There are no users of .page_mkwrite and no known valid use cases, so
just remove the .page_mkwrite from kernfs_ops and return -EINVAL if an
mmap() implementation sets .page_mkwrite.
Co-developed-by: Logan Gunthorpe <[email protected]>
Signed-off-by: Logan Gunthorpe <[email protected]>
Signed-off-by: Martin Oliveira <[email protected]>
---
fs/kernfs/file.c | 26 +++-----------------------
1 file changed, 3 insertions(+), 23 deletions(-)

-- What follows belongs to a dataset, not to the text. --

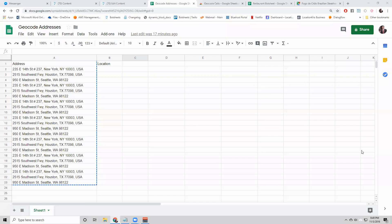Hey BotSheets community. So this was a great question. How to get the latitude and longitude coordinates of a bunch of addresses?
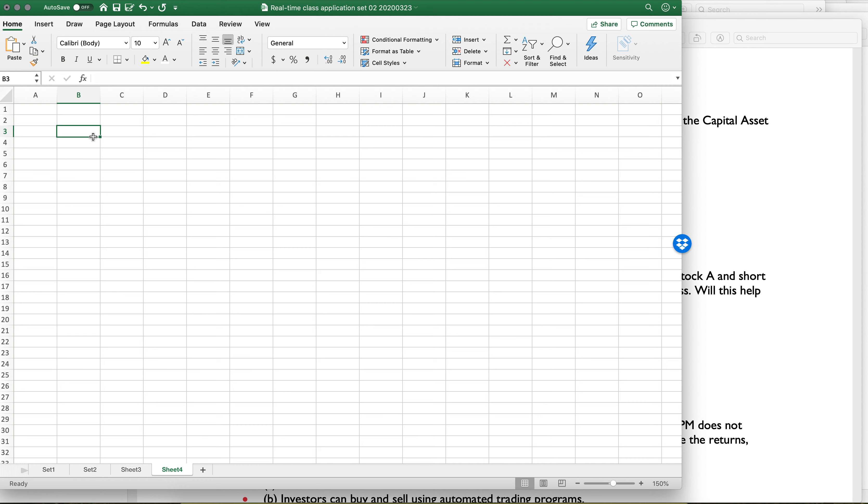Okay, so for those who don't remember, CAPM is a theoretical model. It is not something that holds very well in the real world, but we use it a lot because it's a very helpful theory to help us explain what's happening in financial markets, even though it's not perfect.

diff --git a/fs/kernfs/file.c b/fs/kernfs/file.c
index 8502ef68459b9..a198cb0718772 100644
--- a/fs/kernfs/file.c
+++ b/fs/kernfs/file.c
@@ -386,28 +386,6 @@ static vm_fault_t kernfs_vma_fault(struct vm_fault *vmf)
return ret;
}
-static vm_fault_t kernfs_vma_page_mkwrite(struct vm_fault *vmf)
-{
- struct file *file = vmf->vma->vm_file;
- struct kernfs_open_file *of = kernfs_of(file);
- vm_fault_t ret;
-
- if (!of->vm_ops)
- return VM_FAULT_SIGBUS;
-
- if (!kernfs_get_active(of->kn))
- return VM_FAULT_SIGBUS;
-
- ret = 0;
- if (of->vm_ops->page_mkwrite)
- ret = of->vm_ops->page_mkwrite(vmf);
- else
- file_update_time(file);
-
- kernfs_put_active(of->kn);
- return ret;
-}
-
static int kernfs_vma_access(struct vm_area_struct *vma, unsigned long addr,
void *buf, int len, int write)
{
@@ -432,7 +410,6 @@ static int kernfs_vma_access(struct vm_area_struct *vma, unsigned long addr,
static const struct vm_operations_struct kernfs_vm_ops = {
.open = kernfs_vma_open,
.fault = kernfs_vma_fault,
- .page_mkwrite = kernfs_vma_page_mkwrite,
.access = kernfs_vma_access,
};
@@ -482,6 +459,9 @@ static int kernfs_fop_mmap(struct file *file, struct vm_area_struct *vma)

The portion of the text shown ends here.